ISCA Archive Interspeech 2024
ISCA Archive Interspeech 2024

A Transformer-Based Voice Activity Detector

Biswajit Karan, Joshua Jansen van Vüren, Febe de Wet, Thomas Niesler

Voice activity detection (VAD) is the task of distinguishing speech from other types of audio signals, such as music or background noise. We introduce a novel end-to-end VAD architecture which incorporates a pre-trained transformer model (Wav2Vec2-XLS-R). We evaluate the proposed architecture on an established VAD dataset, AVA-Speech, and a manually-segmented corpus of under-resourced multilingual speech.
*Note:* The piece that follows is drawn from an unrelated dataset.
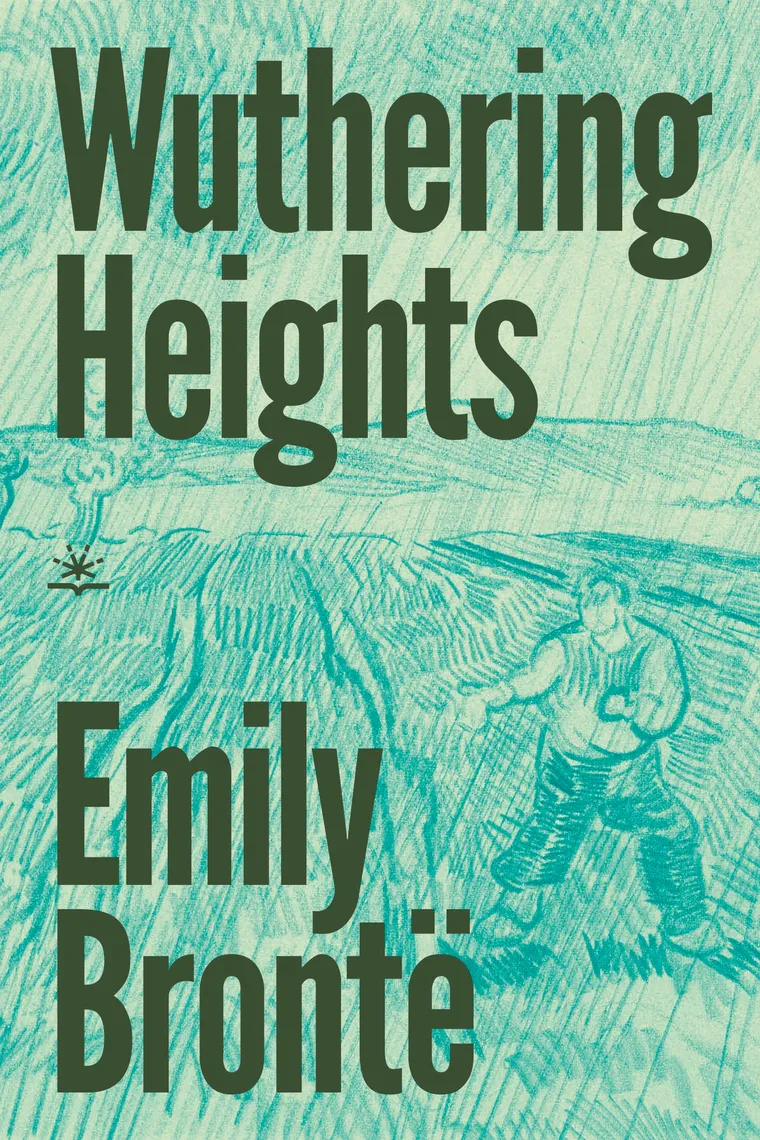 Wuthering Heights by Emily Brontë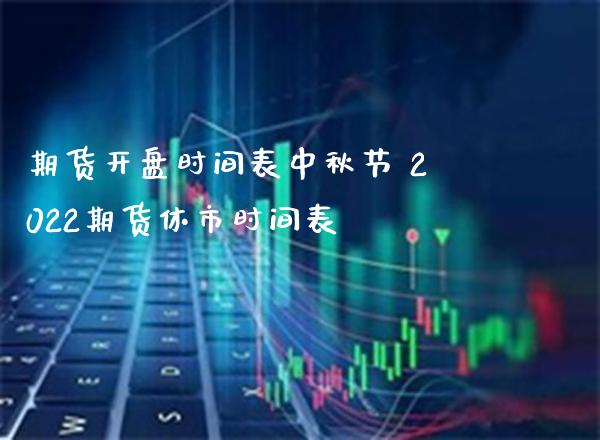 期货**时间表中秋节 2022期货休市时间表_https://www.cqckcrrc.com_黄金期货_第1张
As benchmarks, we include a hybrid CNN-BiLSTM system and an off-the-shelf enterprise VAD. On the AVA-Speech test set, our proposed VAD achieves an area under the curve (AUC) of 96.2% while the benchmarks achieve 94.8% and 81.9% respectively. On the multilingual dataset, the gap widens to 92.2% for the transformer-based VAD and 80.8% and 74.6% for the two baselines. Therefore, the proposed VAD offers improved performance in all cases, with an absolute increase of more than 11% for our target domain. We conclude that the proposed end-to-end architecture improves VAD performance.